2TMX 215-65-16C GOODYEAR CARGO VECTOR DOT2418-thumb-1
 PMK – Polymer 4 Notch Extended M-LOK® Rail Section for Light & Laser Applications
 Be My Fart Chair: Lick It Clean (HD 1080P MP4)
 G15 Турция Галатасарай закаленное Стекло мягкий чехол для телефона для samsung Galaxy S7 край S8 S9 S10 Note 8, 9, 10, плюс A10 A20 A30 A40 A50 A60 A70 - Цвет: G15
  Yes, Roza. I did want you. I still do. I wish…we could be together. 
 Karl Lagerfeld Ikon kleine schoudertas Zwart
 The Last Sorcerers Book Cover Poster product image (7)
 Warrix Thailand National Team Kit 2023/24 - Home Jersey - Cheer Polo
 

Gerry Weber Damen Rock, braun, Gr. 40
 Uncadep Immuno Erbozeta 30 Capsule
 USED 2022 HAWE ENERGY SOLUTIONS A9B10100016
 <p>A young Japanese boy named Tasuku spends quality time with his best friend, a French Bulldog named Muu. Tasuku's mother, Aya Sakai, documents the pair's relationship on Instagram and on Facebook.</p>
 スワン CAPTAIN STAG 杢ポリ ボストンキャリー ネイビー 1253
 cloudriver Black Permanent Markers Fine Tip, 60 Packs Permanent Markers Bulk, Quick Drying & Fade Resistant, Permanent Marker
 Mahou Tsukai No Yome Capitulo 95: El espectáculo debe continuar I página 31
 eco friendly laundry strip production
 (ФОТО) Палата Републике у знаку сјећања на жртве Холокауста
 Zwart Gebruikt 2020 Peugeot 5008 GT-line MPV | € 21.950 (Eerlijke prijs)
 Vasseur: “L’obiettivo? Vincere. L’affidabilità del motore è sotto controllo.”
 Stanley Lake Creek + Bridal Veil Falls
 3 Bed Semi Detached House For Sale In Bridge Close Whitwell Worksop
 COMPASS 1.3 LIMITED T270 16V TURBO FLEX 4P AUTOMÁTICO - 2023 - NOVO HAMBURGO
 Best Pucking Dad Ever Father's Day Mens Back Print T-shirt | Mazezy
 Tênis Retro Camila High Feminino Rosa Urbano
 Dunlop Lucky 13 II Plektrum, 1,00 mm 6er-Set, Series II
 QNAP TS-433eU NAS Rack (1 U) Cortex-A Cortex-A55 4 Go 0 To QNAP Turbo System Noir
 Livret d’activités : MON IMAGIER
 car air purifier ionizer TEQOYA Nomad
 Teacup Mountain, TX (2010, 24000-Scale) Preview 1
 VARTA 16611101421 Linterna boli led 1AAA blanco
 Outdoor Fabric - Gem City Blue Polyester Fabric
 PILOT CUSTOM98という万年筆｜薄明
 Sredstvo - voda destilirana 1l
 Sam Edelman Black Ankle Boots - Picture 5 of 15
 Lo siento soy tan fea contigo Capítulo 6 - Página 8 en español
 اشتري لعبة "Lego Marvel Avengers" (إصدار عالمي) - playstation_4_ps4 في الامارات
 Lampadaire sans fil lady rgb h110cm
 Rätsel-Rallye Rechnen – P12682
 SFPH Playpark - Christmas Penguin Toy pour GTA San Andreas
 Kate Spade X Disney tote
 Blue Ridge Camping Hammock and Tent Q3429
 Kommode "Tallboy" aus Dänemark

:::::

Work task: In your answer, repeat each line of the material word for word.

Answer box:
2TMX 215-65-16C GOODYEAR CARGO VECTOR DOT2418-thumb-1
 PMK – Polymer 4 Notch Extended M-LOK® Rail Section for Light & Laser Applications
 Be My Fart Chair: Lick It Clean (HD 1080P MP4)
 G15 Турция Галатасарай закаленное Стекло мягкий чехол для телефона для samsung Galaxy S7 край S8 S9 S10 Note 8, 9, 10, плюс A10 A20 A30 A40 A50 A60 A70 - Цвет: G15
  Yes, Roza. I did want you. I still do. I wish…we could be together. 
 Karl Lagerfeld Ikon kleine schoudertas Zwart
 The Last Sorcerers Book Cover Poster product image (7)
 Warrix Thailand National Team Kit 2023/24 - Home Jersey - Cheer Polo
 

Gerry Weber Damen Rock, braun, Gr. 40
 Uncadep Immuno Erbozeta 30 Capsule
 USED 2022 HAWE ENERGY SOLUTIONS A9B10100016
 <p>A young Japanese boy named Tasuku spends quality time with his best friend, a French Bulldog named Muu. Tasuku's mother, Aya Sakai, documents the pair's relationship on Instagram and on Facebook.</p>
 スワン CAPTAIN STAG 杢ポリ ボストンキャリー ネイビー 1253
 cloudriver Black Permanent Markers Fine Tip, 60 Packs Permanent Markers Bulk, Quick Drying & Fade Resistant, Permanent Marker
 Mahou Tsukai No Yome Capitulo 95: El espectáculo debe continuar I página 31
 eco friendly laundry strip production
 (ФОТО) Палата Републике у знаку сјећања на жртве Холокауста
 Zwart Gebruikt 2020 Peugeot 5008 GT-line MPV | € 21.950 (Eerlijke prijs)
 Vasseur: “L’obiettivo? Vincere. L’affidabilità del motore è sotto controllo.”
 Stanley Lake Creek + Bridal Veil Falls
 3 Bed Semi Detached House For Sale In Bridge Close Whitwell Worksop
 COMPASS 1.3 LIMITED T270 16V TURBO FLEX 4P AUTOMÁTICO - 2023 - NOVO HAMBURGO
 Best Pucking Dad Ever Father's Day Mens Back Print T-shirt | Mazezy
 Tênis Retro Camila High Feminino Rosa Urbano
 Dunlop Lucky 13 II Plektrum, 1,00 mm 6er-Set, Series II
 QNAP TS-433eU NAS Rack (1 U) Cortex-A Cortex-A55 4 Go 0 To QNAP Turbo System Noir
 Livret d’activités : MON IMAGIER
 car air purifier ionizer TEQOYA Nomad
 Teacup Mountain, TX (2010, 24000-Scale) Preview 1
 VARTA 16611101421 Linterna boli led 1AAA blanco
 Outdoor Fabric - Gem City Blue Polyester Fabric
 PILOT CUSTOM98という万年筆｜薄明
 Sredstvo - voda destilirana 1l
 Sam Edelman Black Ankle Boots - Picture 5 of 15
 Lo siento soy tan fea contigo Capítulo 6 - Página 8 en español
 اشتري لعبة "Lego Marvel Avengers" (إصدار عالمي) - playstation_4_ps4 في الامارات
 Lampadaire sans fil lady rgb h110cm
 Rätsel-Rallye Rechnen – P12682
 SFPH Playpark - Christmas Penguin Toy pour GTA San Andreas
 Kate Spade X Disney tote
 Blue Ridge Camping Hammock and Tent Q3429
 Kommode "Tallboy" aus Dänemark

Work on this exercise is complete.